What the task asks:
Please repeat, exactly as they stand, the line containing "2-bedroom home at" and the lines after it through the final line of the listing below, minus pictures.

Information provided:
▬▬▬▬▬▬

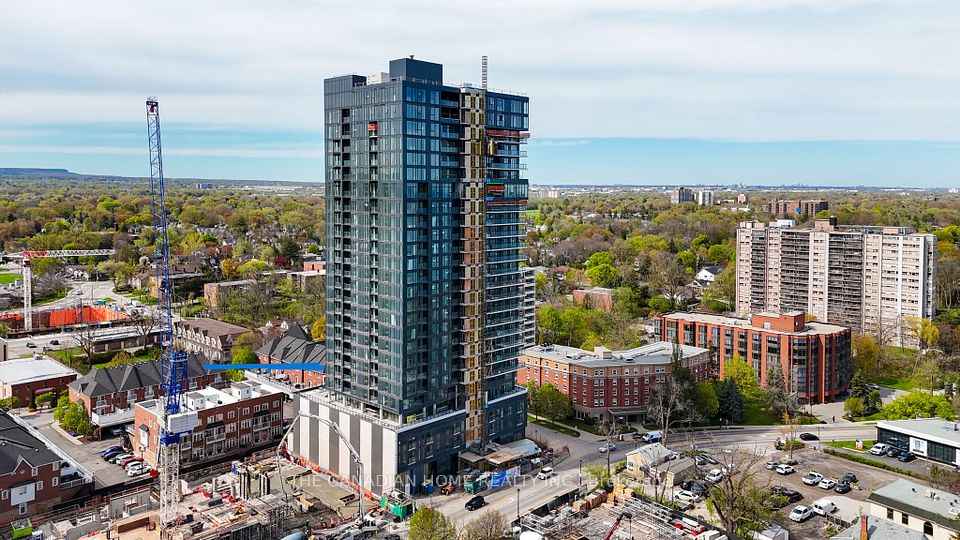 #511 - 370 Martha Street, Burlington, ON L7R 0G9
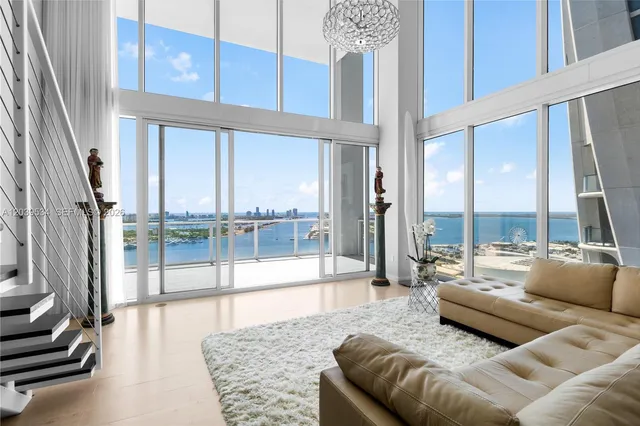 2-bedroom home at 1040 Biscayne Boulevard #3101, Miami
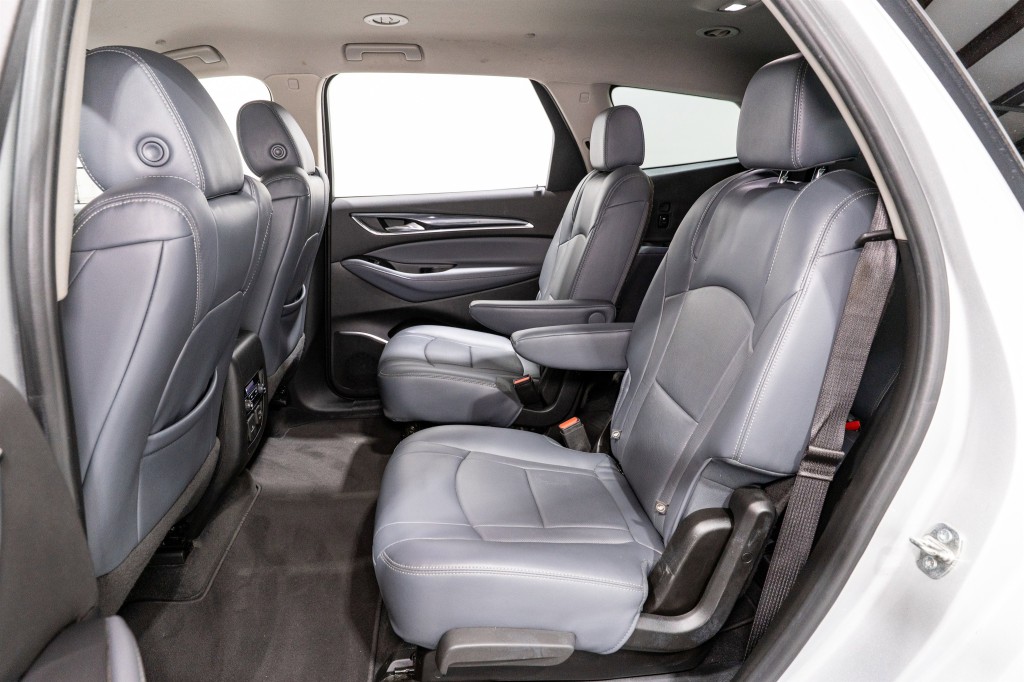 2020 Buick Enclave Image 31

▬▬▬▬▬▬

Response area:
 2-bedroom home at 1040 Biscayne Boulevard #3101, Miami
 2020 Buick Enclave Image 31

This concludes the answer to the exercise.